C'était une grande page d'histoire de notre connerie institutionnalisée au Canada.

...et n'allez pas croire que je pense que le journal qui le publie me laisserait le critiquer.

samedi 1 novembre 2008

L'intellectualisme dans l'OBAMARAMA en 3D

Une démontration de l'imbécilité congénitale de la gauche dans nos médias s'illustre dans la croyance répandue selon laquelle seuls des idiots du deep south, bebittes religieuses arrièrées, peuvent être de droite. Tous les progressistes, les intellectuels, sont de gauche...

Nous n'arrivons pas à rabattre ce mur, c'est un ciment dur qui bloque toute discussion intelligente avec ces supposés "intellectuels" tellement intelligents, innaccessibles par nous pauvres idiots de droite.

C'est une connerie monumentale, trop conne pour être pensée par un intellectuel, vous ne trouvez pas?

Ils s'approprient le monopole de la bonté et du progressisme, et maintenant ils ont le monopole l'apellation contrôlée "intellectuel". Ils ont les clefs du savoir, l'illumination exclusive, la sagesse suprême.

Seul un gauchiste peut être un intellectuel. Les gauchistes sont tous intelligents, les droitistes tous des idiots.

C'est tellement cave, simple... tellement pas intellectuel.

C'est de cette façon qu'un gros imbécile menteur comme Michael Moore* passe pour un intellectuel, ce qui est véritablement une imposture, pendant que George Bush est décrit comme le pire idiot ayant vécu sur cette terre, élu par le peuple le plus idiot de la terre, mais qui bizarrement est l'un des plus instruits du monde (deux fois plus de diplomation universitaire qu'au p'tit Québec).

Condy Rice... elle n'est pas une intellectuelle? On lui a retiré sa carte de membre du club exclusif des "vrais intellectuels"? Comment peut-on être idiote et être prof à Stanford? Expliquez-moi ça...
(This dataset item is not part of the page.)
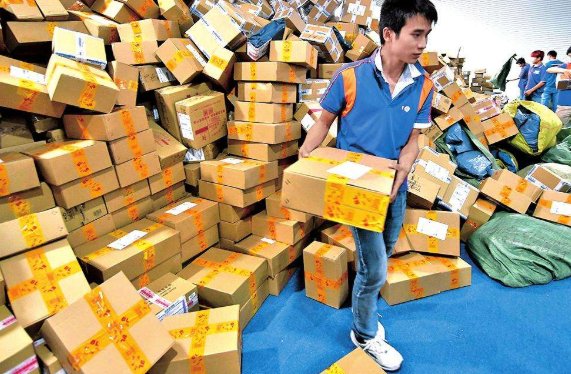 快递首重是几斤？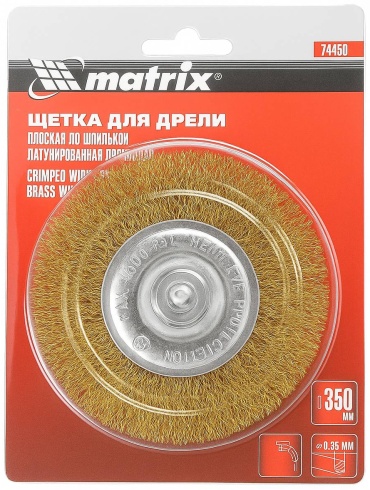 Matrix шлифовальная щетка 74450 100 мм, 12шт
Une des choses qu'on a jamais mentionné dans les médias pourris de la gaugauche Québécoise, c'est que le candidat colistier au nobellisé Al Gore en 2000, ancien senateur démocrate du Connecticut (on l'a crissé dehors, et peut-être qu'on lui a retiré sa carte le permettant d'être un intellectuel) Joseph Lieberman, appuie fermement la guerre au terrorisme, tant en Irak qu'en Afghanistan, et appuie Jonh McCain à la présidence.

Probablement que c'est parce que c'est un autre maudit cave... y'a juste des caves qui appuient McCain... ou Bush! Tous ceux qui sont pour l'intervention en Irak sont des caves, c'est scientifiquement prouvé... donc logiquement ils ne peuvent pas être des "intellectuels".

Le schéma est simple... élaboré par des "vrais intellectuels" certifiés "progressistes" (idiots 9008)

Cave = Droite/Républicain
Intellectuels éclairés ayant le monopole de la bonté = Gauche/Démocrate

C'est comme ça que la presse Québécoise argumente... Elle n'a rien d'intellectuelle car elle en est à la phase anale de l'âge mental.

Ici avec notre presse gaugauche de l'OBAMARAMA en 3D, où l'on nous présente le messie qui marche sur l'eau, sauvera le monde... nous nageons, même que nous sommes submergés dans un océan d'intelligence!

*Si vous trouvez que Michael Moore est un écrairé qui ne ment jamais, tapez-vous le documentaire "Manufacturing dissent", sinon restez dans votre ignorance.